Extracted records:
******************************
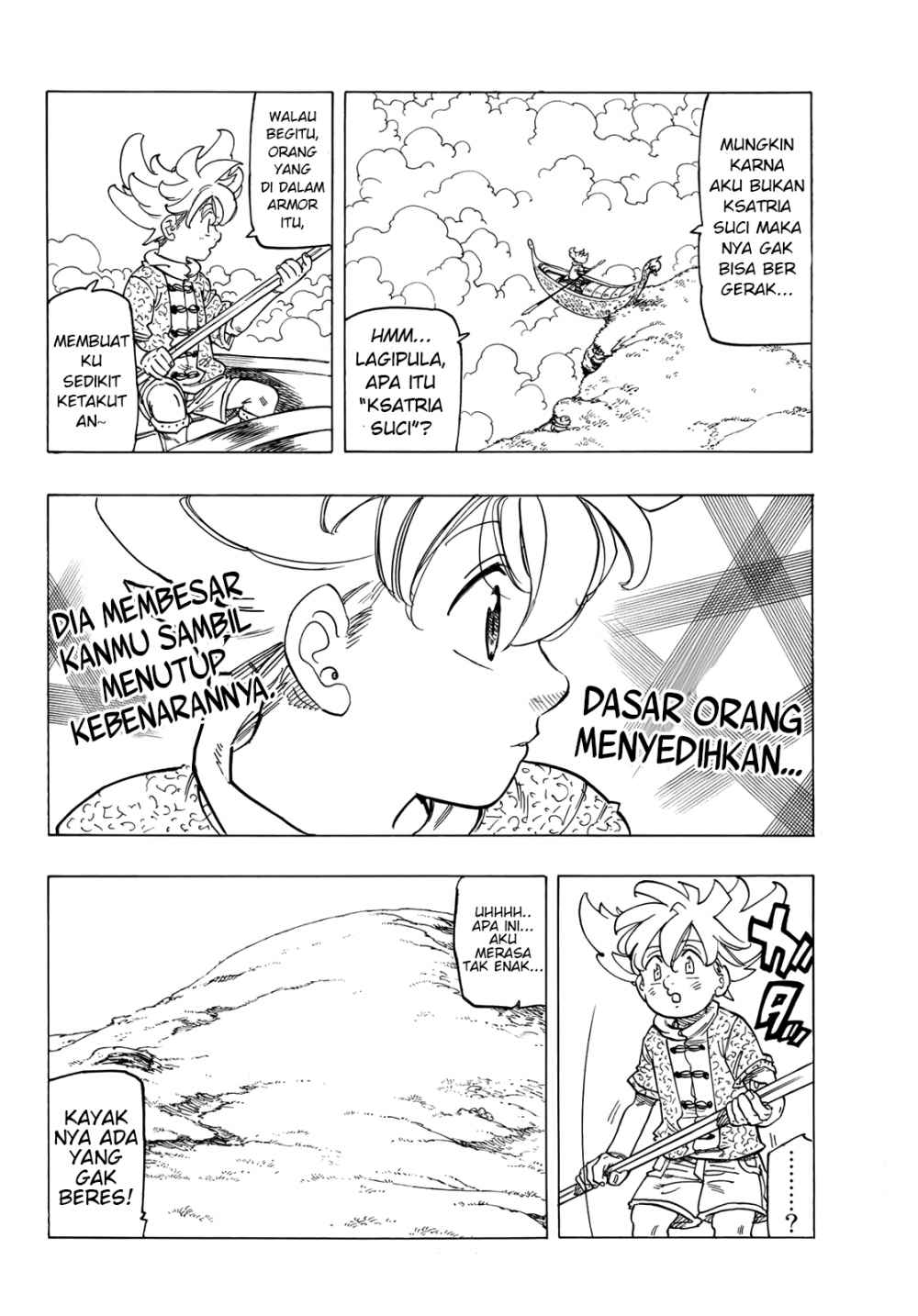Mokushiroku no Yonkishi Chapter 01 Gambar 39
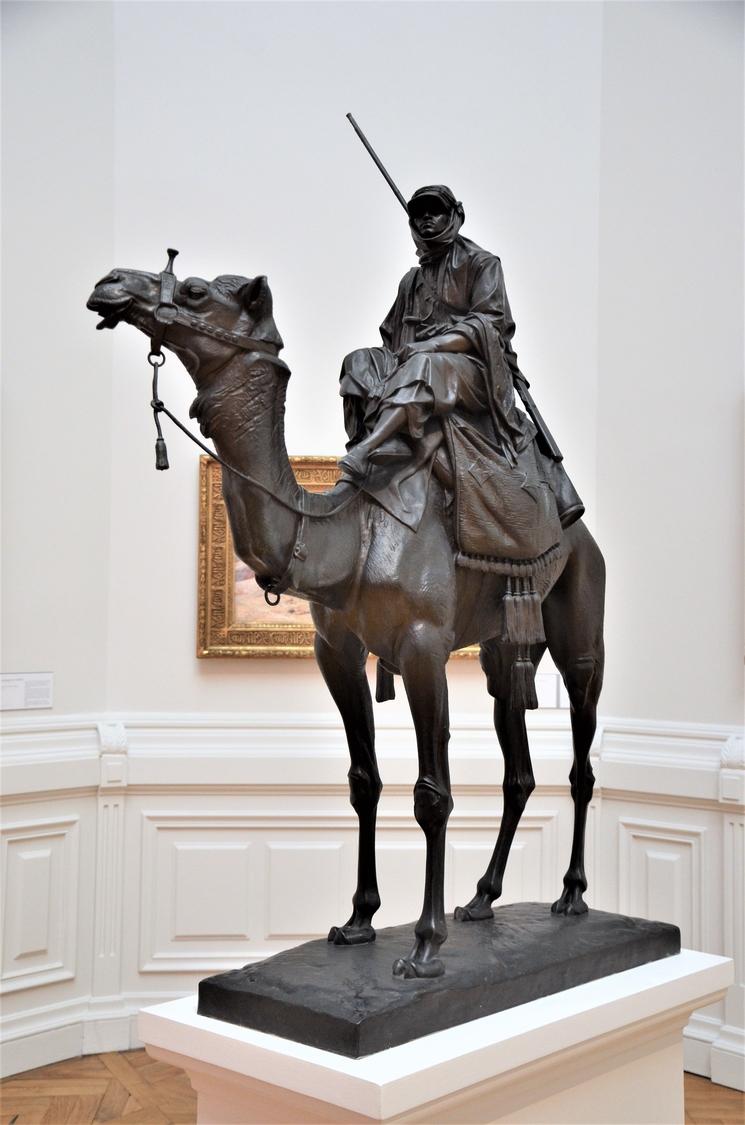 Henri-Alfred Jacquemart, le sculpteur français qui a puisé son inspiration en Egypte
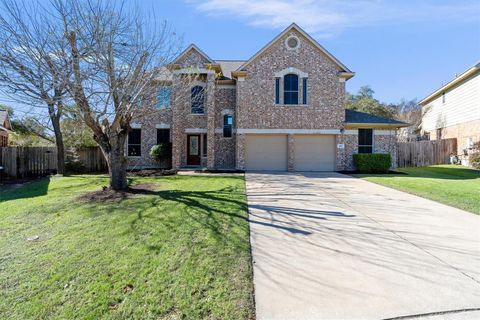 A home in Cedar Park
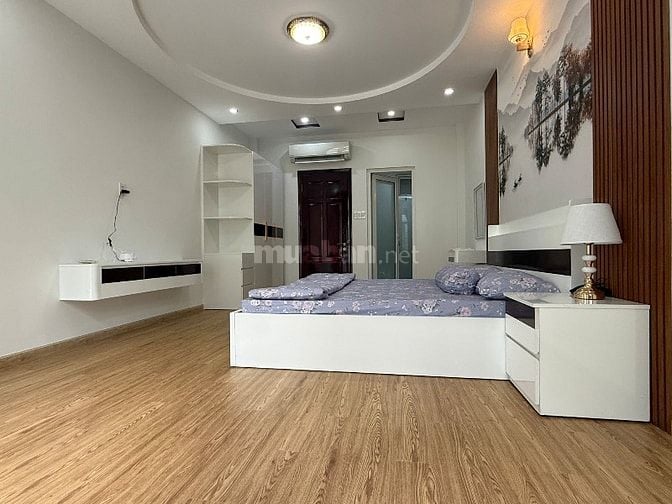 Nhà 5 lầu thiết kế hiện đại HXH tránh nhau 178/21E Phan Đăng Lưu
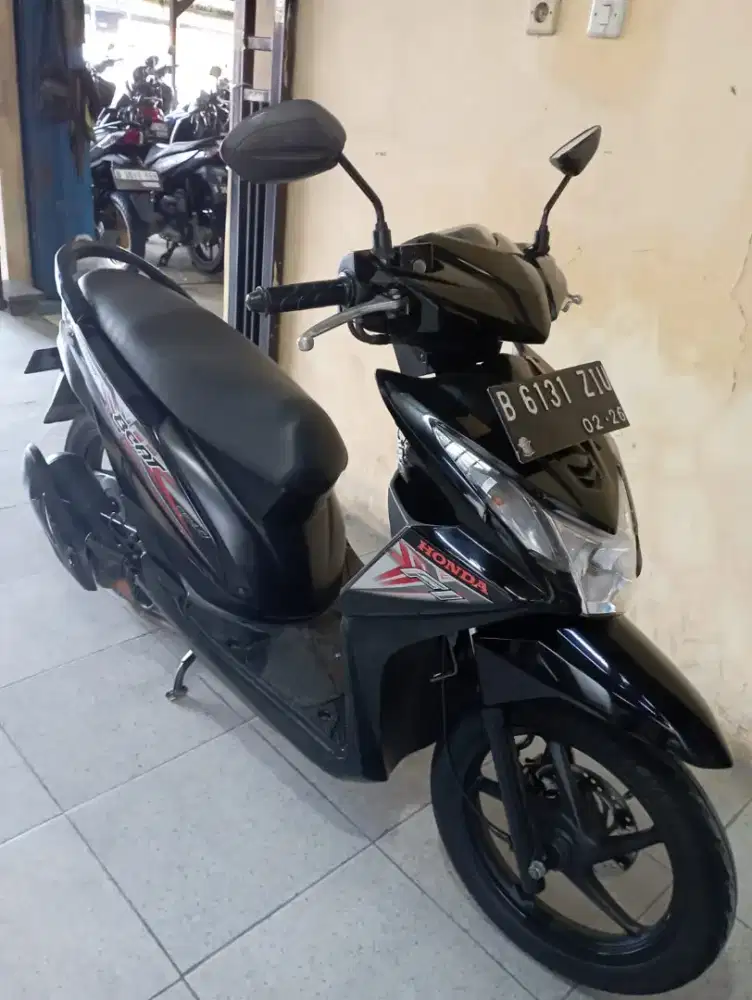 HONDA BEAT FI TH 2016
******************************
The lines wanted run from the one with "A home in Cedar Park" through the final line of the data; repeat them word for word and skip every picture.

Task answer:
 A home in Cedar Park
 Nhà 5 lầu thiết kế hiện đại HXH tránh nhau 178/21E Phan Đăng Lưu
 HONDA BEAT FI TH 2016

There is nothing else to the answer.